NUM CASTELO da Suíça vivia outrora opulento senhor, chamado o barão de La Sarraz, homem dotado de bom Jovem, rico, respeitado pelos vizinhos, amado pelos vassalos, desposou formosa dama da mais alta estirpe, que o amava, e a quem êle correspondia. Tinha um único desejo, e esse desejo foi satisfeito: sua esposa deu-lhe um filho.

Uma noite de inverno, achando-se a senhora de La Sarraz sentada ao lado de seu marido, vendo o filho a dormir, eis que violenta tempestade desencadeia-se lá fora.

 Que terrível tempo! — disse a baronesa. — Nesta cruel estação, em noite de tal temporal, como se é feliz, dispondo–se de abrigo seguro!

— Casa bem solidamente construída — prosseguiu o barão, sorrindo — bom fogo crepitando, excelente esposa e um formoso filhinho. É verdade, se não estivéssemos satisfeitos com tantos benefícios, não seríamos merecedores das graças com que nos cumula a Providência.
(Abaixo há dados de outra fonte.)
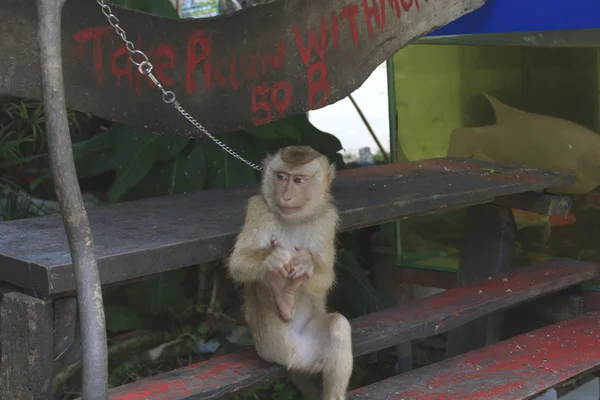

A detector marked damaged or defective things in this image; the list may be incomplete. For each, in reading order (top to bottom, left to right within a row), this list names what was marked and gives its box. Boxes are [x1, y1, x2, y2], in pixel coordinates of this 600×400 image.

rusty metal bracket [36, 0, 108, 396]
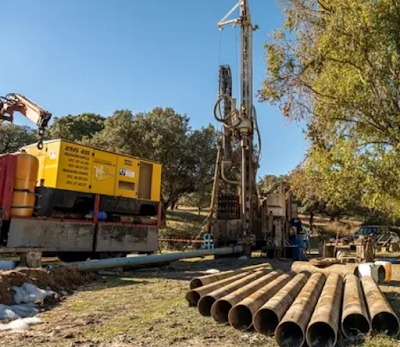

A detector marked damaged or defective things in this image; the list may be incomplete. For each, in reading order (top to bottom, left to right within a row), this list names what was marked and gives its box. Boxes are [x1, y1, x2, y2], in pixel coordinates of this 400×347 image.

rusty pipe [187, 274, 253, 306]
rusty pipe [190, 266, 272, 290]
rusty pipe [197, 270, 268, 318]
rusty pipe [211, 272, 282, 324]
rusty pipe [228, 272, 296, 332]
rusty pipe [253, 274, 310, 336]
rusty pipe [276, 274, 326, 347]
rusty pipe [290, 262, 358, 278]
rusty pipe [306, 274, 344, 347]
rusty pipe [340, 276, 372, 342]
rusty pipe [360, 278, 398, 338]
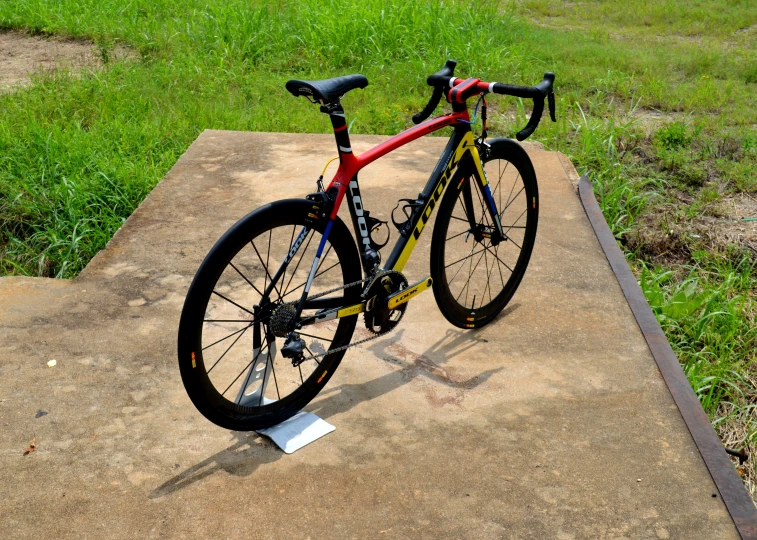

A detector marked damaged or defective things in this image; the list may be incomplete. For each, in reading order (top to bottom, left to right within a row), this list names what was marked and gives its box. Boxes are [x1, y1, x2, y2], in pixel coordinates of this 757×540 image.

rusty metal strip [580, 176, 752, 536]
— É bom que te lembres, entretanto, meu amigo, — falou a baronesa, — que há talvez muitas pessoas que, surpreendidas no caminho, longe de qualquer abrigo, distantes de qualquer habitação, estão a estas horas sendo vítimas da tempestade. Como as lastimo, e quanto desejaria socorrê-las!

— Foi por isso, minha querida Ana, que ordenei aos criados que abrissem as portas a qualquer hora, a todo aquele que viesse pedir hospitalidade. O meu velho escudeiro, Hermann, disse-me que isso era muito imprudente, e que os ladrões poderiam, assim, introduzir-se no castelo. Estamos, contudo, aqui, e saberemos nos defender. Prefiro expor-me a um perigo, aliás bem pouco provável, a faltar com o dever da caridade. Ouve: se não me engano, eis que chega alguém. Precisamente um daqueles bandidos que o velho Hermann tanto receia, ou um dos pobres viajantes que te causam tanta compaixão.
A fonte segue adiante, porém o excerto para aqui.